Мы познакомились на уроке танцев; я оказалась первой, кого пан Фолтын пригласил танцевать. По сей день вижу, как он поклонился мне, неловкий и смущенный, пробормотал свое имя. По-моему, я тоже была крайне смущена, но надеюсь, что по мне это не было так заметно. Кстати сказать, танцевал он плохо; сделав несколько шагов, нахмурился и буркнул, что ненавидит танцы и не выносит, когда барабанят по роялю, и вдруг спросил: «Мадемуазель, а вы любите музыку?» В ту пору я терзала «Фортепьянную школу» Фибиха-Малата и ненавидела музыку всеми фибрами души; однако я не колеблясь заявила, что обожаю музыку больше всего на свете. Теперь я удивляюсь, отчего это молодежь так любит приврать. «О, тогда мы отлично поймем друг друга!» — пан Фолтын просиял, восхищенный, и наступил мне на ногу. В ту минуту он мне ужасно не нравился, может быть, потому, что я солгала; нос его показался мне слишком длинен, подбородок слишком мал, руки слишком велики, — все в нем мне было неприятно. Такой резкой неприязнью началась моя первая любовь; правда, до этого я по меньшей мере два раза была влюблена до смерти, но это не в счет. Воистину, первая любовь — это не просто влюбленность, увлечение, а сознание того, что ты нашел своего избранника.
Он провожал меня после уроков танцев, а иногда по вечерам мы ходили с ним гулять; прогулки эти были особенно увлекательны, потому что дома приходилось врать, что я иду пройтись с Маней или Элишкой. Теперь все по-другому, и моя дочь на мой вопрос спокойно сообщает, что просто идет с мальчиком.

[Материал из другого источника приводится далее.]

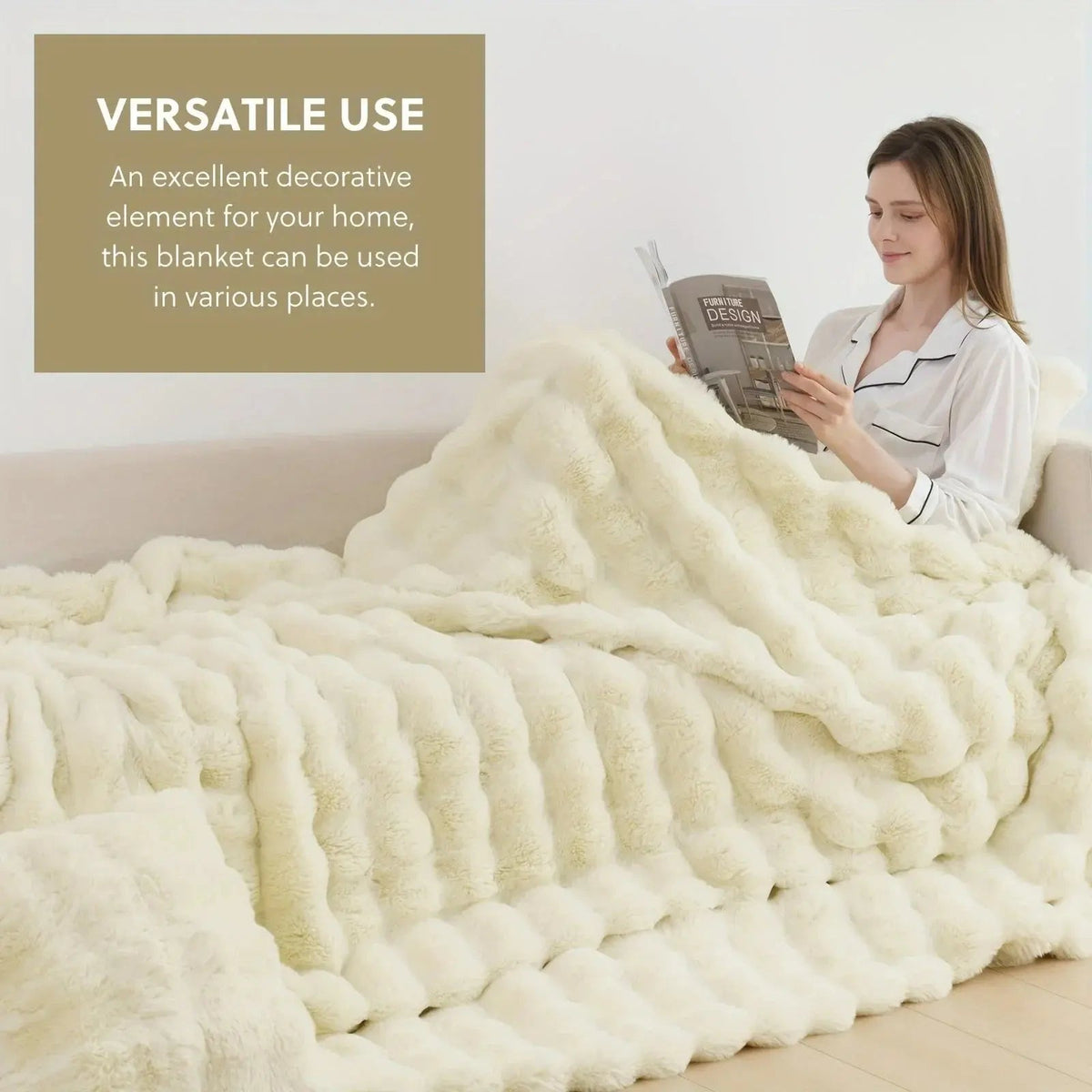 Velmesta Faux Rabbit Fur Throw Blanket view 9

Когда он, такой чинный, чуть подпрыгивая на ходу, шел со мной рядом и говорил рокочущим басом — я просто млела от счастья. Перед подружками я хвасталась: вот, дескать, подцепила «красавца семиклассника». Правда, за Маней ухаживал восьмиклассник, но у того не было таких длинных волос, да и вообще он был совсем неинтересный; Элишка однажды появилась даже с кадетом в полной форме, но он оказался ее двоюродным братом. Я очень гордилась тем, что Бэда артист; он признался мне, что он поэт и ведет тяжкую душевную борьбу, решая, чему посвятить всего себя — поэзии или музыке.